O Pr. Helder Rogério de Castro Gonçalves, da Igreja da Graça do bairro Nacional, em Contagem (MG), concorda que o intuito desse tipo de iniciativa vai muito além do mero desrespeito ao idioma nacional. “Querem fazer crer que ninguém nasce homem ou mulher, conforme afirma a Palavra de Deus [Gn 1.27]. Divulgam que o ser humano é uma construção social e cultural. E, assim, abre-se uma brecha para deturparem a verdade do Senhor, fazendo os menores viverem fora dos princípios divinos.”
Na visão de Gonçalves, a liderança precisa conscientizar os cristãos a defender os seus direitos como cidadãos.
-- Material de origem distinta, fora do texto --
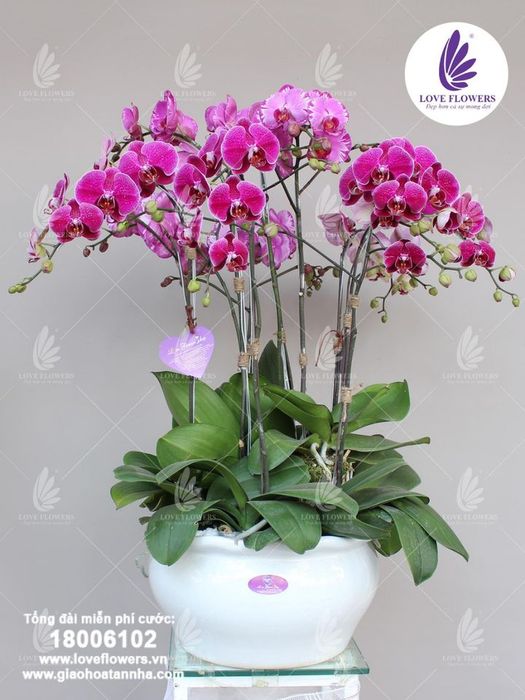 Nghệ thuật bài trí lan hồ điệp đón Tết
Mas ele alerta que existem muitos crentes em Jesus que aceitam qualquer doutrina ideológica e a ela se submetem mesmo que esteja fora dos ensinamentos bíblicos. “Como Igreja, precisamos nos posicionar firmes na defesa da nossa fé”, ressalta, lembrando que a vida cristã pressupõe obediência ao Criador e ao Livro Santo. “Devemos estar no centro da vontade dEle. Assim, é necessário aceitar a forma com que fomos criados, pois Deus é perfeito. Os princípios do Altíssimo são imutáveis. Não defendemos o ódio. Pregamos o amor, a tolerância e o respeito, mas não podemos concordar com práticas que se chocam com os ensinamentos da Bíblia”, conclui.